Los insultos nos degradan y nos humillan, nos describen haciéndonos de menos, reduciéndonos a una caricatura, a un monigote. Es lo que persiguen también los golpes, o el profundo desprecio que se expresa en un salivazo. Son todas acciones que tratan de ponernos de rodillas, de hacernos sentirnos despreciables, y no solo ante los demás sino también ante nosotros mismos. Ante estas agresiones la reacción natural es la resistencia, que puede ser el contraataque, la violencia y el devolver con la misma moneda (insultos, golpes y salivazos), o bien la defensa, tratar de fajarse, esquivar los golpes físicos y morales (echarse atrás, esconderse, taparse la cara…).
Jesús, en la figura del Siervo de Yahvé, ni contraataca ni se defiende, no se resiste, ni se echa atrás, ni se tapa la cara. ¿Es que este Siervo de Yahvé, Jesús, tiene vocación de víctima? ¿Es acaso un masoquista? No. Tiene, por el contrario, una seguridad absoluta en su propia dignidad, en su propia justicia, y, por eso, ante el mal, se mantiene en pie y no le hacen mella los ataques externos. Esta íntima seguridad y fortaleza le viene del Señor, del que se fía por completo, cuya voz ha escuchado, que le da fuerza para resistir de pie ante el mal, y también para inclinarse en ayuda de los abatidos por esas mismas injusticias que él ha tomado sobre sí.

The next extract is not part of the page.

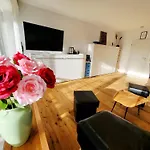 Highlights-play Area In Children's Room! Terrace-park, Indoor Pool, Sauna, Hiking, Pingpang, Table-football, Tennis, Free Parking Apartmán *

Podríamos preguntarnos, ¿por qué había de ser la voluntad del Padre la muerte en cruz de Jesús? En realidad, no se trata de entregar a Jesús a la muerte de manera gratuita, sino de un movimiento del mismo Dios, que sale de sí en busca del ser humano, perdido y extraviado por el pecado. Es el movimiento que describe el precioso himno que Pablo recoge en la carta a los Filipenses: Dios mismo, en la persona del Hijo, se ha despojado de su rango para hacerse uno con los postrados, los abatidos, los esclavizados. Y todos lo estamos de un modo u otro: por más poderosos que nos creamos, todos estamos heridos de muerte. Es claro que los pobres, los que sufren, los desheredados de la tierra están en disposición de entender mejor el sentido del despojo que Jesús hace de sí mismo para compartir su destino. Pero, al final, el someterse a la muerte, que es el mal extremo y, por su carácter moralmente injusto y físicamente espantoso, una muerte de cruz, es el resumen de todos los males, al someterse a esa muerte, Jesús se hace solidario con todos los seres humanos sin excepción, que han de experimentar, cada cual a su manera, la propia debilidad y la impotencia ante la muerte.
Pero, como dice este mismo himno, Jesús se abaja para levantarnos del abatimiento en que nos encontramos a causa del pecado.
Y al contemplar este misterio del Hijo de Dios tomando la condición de esclavo, prendido, injustamente acusado y condenado, golpeado, escarnecido, entregado a la muerte, comprendemos que su no resistencia es fruto de esa conciencia de la propia dignidad y justicia, de la confianza total en el Dios Padre que le ayuda, y que él nos ayuda a nosotros en nuestra postración, y, sin comprender del todo lo que estamos contemplando, nos invita a confesar con el centurión: realmente este hombre es el Hijo de Dios, es decir, Jesucristo es Señor para gloria de Dios Padre.